Computational photography refers broadly to computational imaging techniques that enhance or extend the capabilities of a digital photography. In other words, the fun begins after you’ve captured the image and we’re not talking about hours of image editing work, but instead, in many instances, one-click, in-camera maneuvers that can lift your imaging skills to new levels – think Digital Cameras 2.0.

ibi Image

The most notable example of this has been the Lytro camera that allows you to refocus images after you’ve captured them. Check out this link for a great sample of how that tech works . While that tiny camera made a big splash a couple of years ago, computational photography has simply continued to burst through the consumer imaging door ever since.

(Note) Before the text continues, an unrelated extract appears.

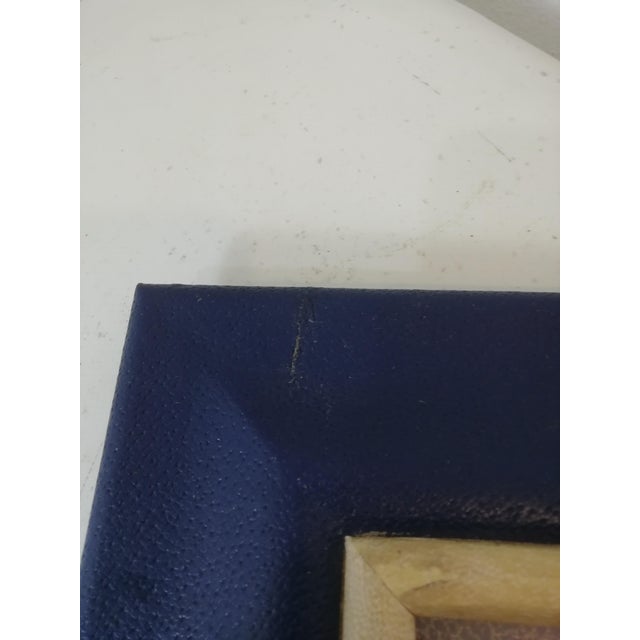 Parchment Photo Frame by Aldo Tura, Italy, 1960s For Sale - Image 4 of 5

The GoPro of Panorama Cams


A company called VSN Mobil recently debuted an intriguing little camera that appears to be jumping into the current panorama craze that is happening in photography. The V.360° essentially uses a 16-megapixel backside-illuminated image sensor and a lens surrounded with mirrors that enables it to capture a single 360-degree shot. The device also records 360-degree video and comes, like the GoPro camera, with a multitude of accessory attachments enabling it to be placed/attached just about anywhere.

The V.360° also connects to Android and iOS smartphones and tablets via Bluetooth for camera controls, and Wi-Fi for transferring stills and videos from the camera to the mobile device of your choice. They apparently haven’t left a stone unturned. The free app lets users manipulate the 360-degree video or image to see every available angle or lay the perspective flat for a panorama that requires no stitching to complete…very cool indeed.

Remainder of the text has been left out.